Festivals – A celebration of music or an excuse to get wasted?

Credit: Laura Duffy

The Irish festival scene has exploded over the last decade with new festivals springing up seemingly overnight to cater to the different kinds of revellers. The selection of different genres is pretty impressive, but one common trend across them is the overindulgence of alcohol.

True, we all like a few pints from time to time, but is spending silly amounts of money on a ticket for a festival only to not remember any of it really in good fun? Or, maybe we have a serious problem growing in this country; Do people really go to festivals for the love of music or is the only aim to get as drunk as possible?

The Central Statistics Office figures for alcohol consumption in Ireland for 2015 showed that 81% percent of adults drank regularly. This is a huge figure to consider but to many it may not be surprising.
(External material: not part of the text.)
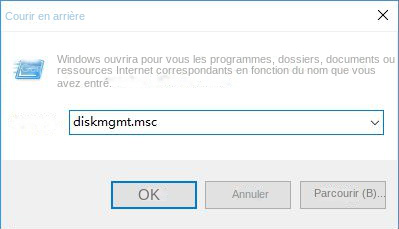 Entrer dans la gestion des disques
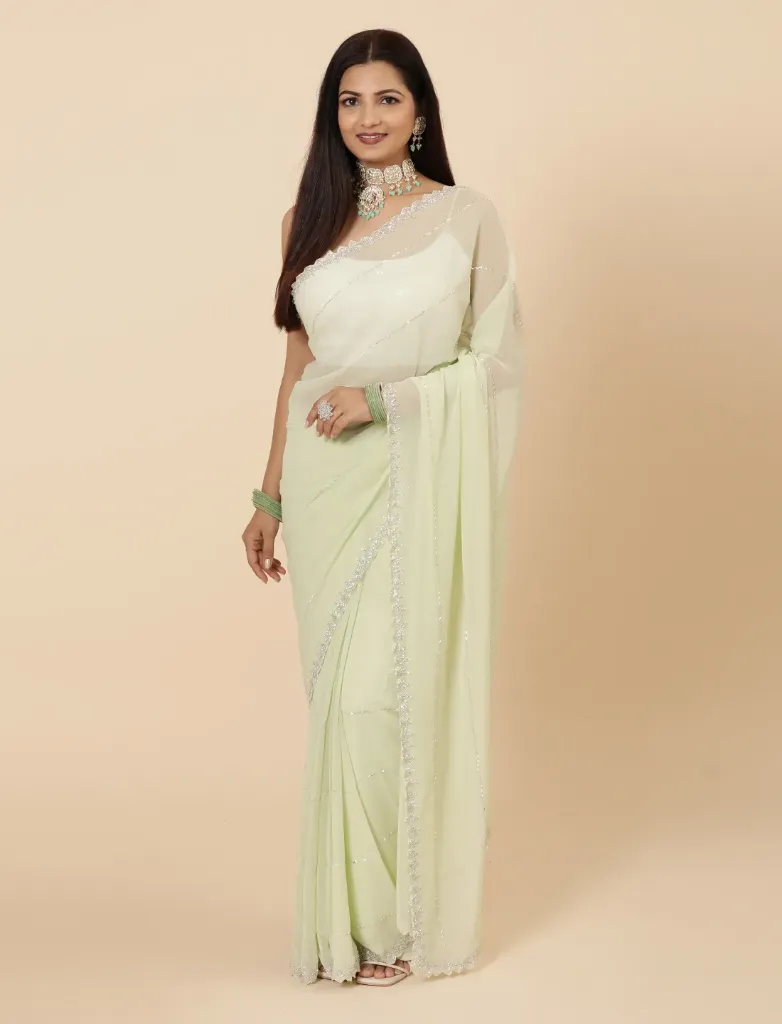 [VC26-AIRA-D15-04] Vervee Couture Pastel Green Georgette Saree | Aira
Anybody who has attended a festival has probably witnessed someone, if not many people, stumbling around looking for their friends or worse yet, hovering over a bin and reintroducing their cheap alcohol to the world.
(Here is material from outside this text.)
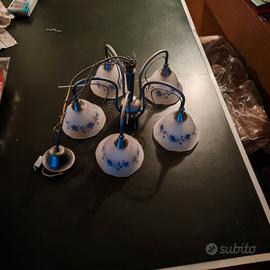 Lampadario 5 Luci Metallo Satinato Fiori Blu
When DJ Hardwell played in Belfast in 2014, 108 people of the 10,000 in attendance were hospitalised and that does not even include the estimated 300 people who were refused entry to the Odyssey Arena. This put a great deal of pressure on the Northern Irish Ambulance Service, who described the event as a “disaster zone”. This is just one example of this kind of thing taking place.

If you look at the companies that sponsor festivals, many of them are different brands of alcohol. Promotions are offered, draught beer is available by the bucketful and the sunshine is more than enough of a reason to treat yourself. While looking at the issues around alcohol and festivals, you can’t ignore the fact that little is done to prevent potential overindulgence.
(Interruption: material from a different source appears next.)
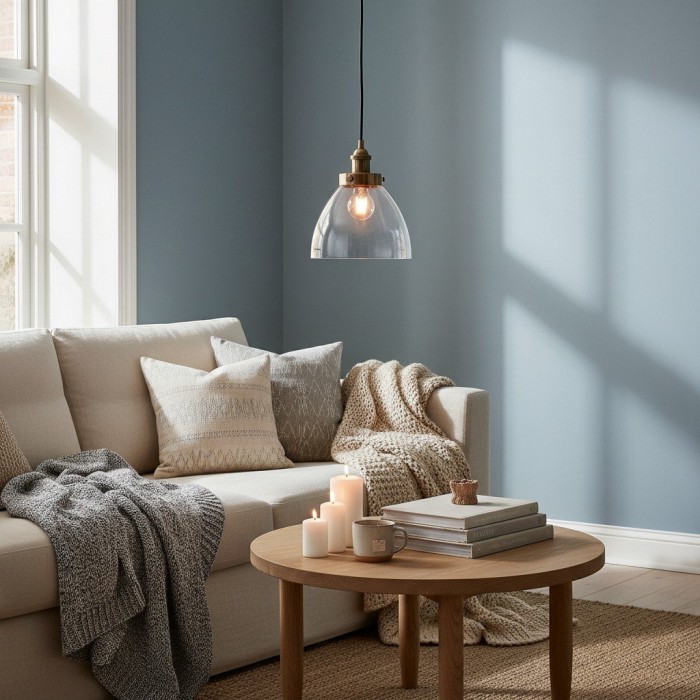 Novera Art Deco Dome Adjustable Height Glass Shade Pendant Light - Living Room HL2207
On the other hand, alcohol can be a great crutch to deal with social awkwardness, especially in a festival setting. You are in a campsite with hundreds of other people who are here for the same reason as you, meaning you already have something in common. A couple of cans can lighten the mood and make it easier to approach strangers for a chat. You can make some pals for the weekend, something that will nearly definitely enhance your festival experience. It’s far from difficult to understand why people drink at these large scale events.

The statistics found on the CSO point to a more unequivocal grasp of alcohol on society, not just when it comes to festivals and concerts. While some people will go to festivals to get drunk, others will go for the love of music; the same can be said for any event. To point the finger solely at festivals is unjustified, when stories of people attending sports games and getting intoxicated are common too. Still, overindulging in alcohol at festivals is becoming a clear problem in Irish society, especially among the younger generation.